Make Lemonade by Virginia Euwer Wolff
BIBLIO: 1993,New York: Henry Holt and Company, Ages 13 to 16.
REVIEWER: Gwen Harter.
FORMAT: Young Adult book
By writing this novel in poetry the story gains a whole lot of meaning. The short entries with breaks and lack of grammar and a distinctive vernacular show the disorganization and scrambled emotions of the characters. Narrated by LaVaughn, a fourteen year old girl, the reader peeks into the unfortunate life of Jolly, a seventeen year old mother, and her two children Jeremy and Jilly. LaVaughn takes the babysitting job as a way to earn money for college and after visiting for the first time, LaVaughn has more than enough incentive to get out of the neighborhood. Living in squalor and struggling paycheck to paycheck the small family gets turned upside down when Jolly loses her job. Despite all of this LaVaughn bonds closely with this little family, caring tenderly for the children and their fragile mother, be it through storytelling or bathtime she is determined to help. Unable to find work LaVaughn convinces Jolly to “take hold” by returning to school with the specialized Moms Up GED program. A unique look at Jolly’s hardship is seen through the contrasting bleeding heart LaVaughn and her tough love mother (through LaVaughn’s conversations with her and her occasional run-ins with Jolly).
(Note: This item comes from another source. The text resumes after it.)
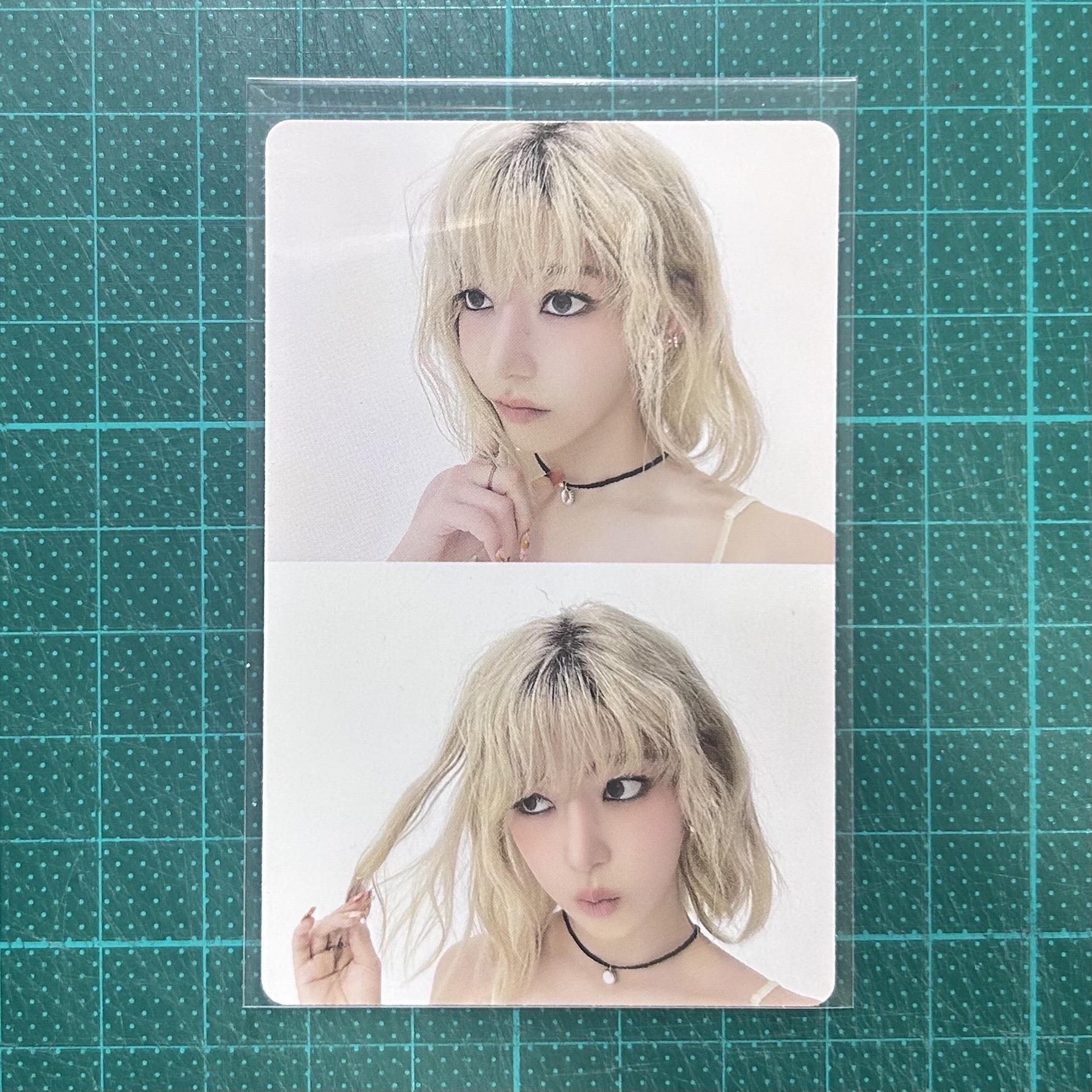 HOT 櫻花 專輯卡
Several unexpected things happen, including “lemon bloms” and Jolly actually looking to change her family’s life. A heartwarming problem novel truly shows that you can “make lemonade” no matter the circumstances. This novel works through issues typically seen in inner-city communities like poverty, illiteracy, absentee fathers, pipe dreams of college, and picking oneself up again and again. I would recommend this book to girls from the latter half of 8th grade up until early 11th grade based on the content and comprehension levels.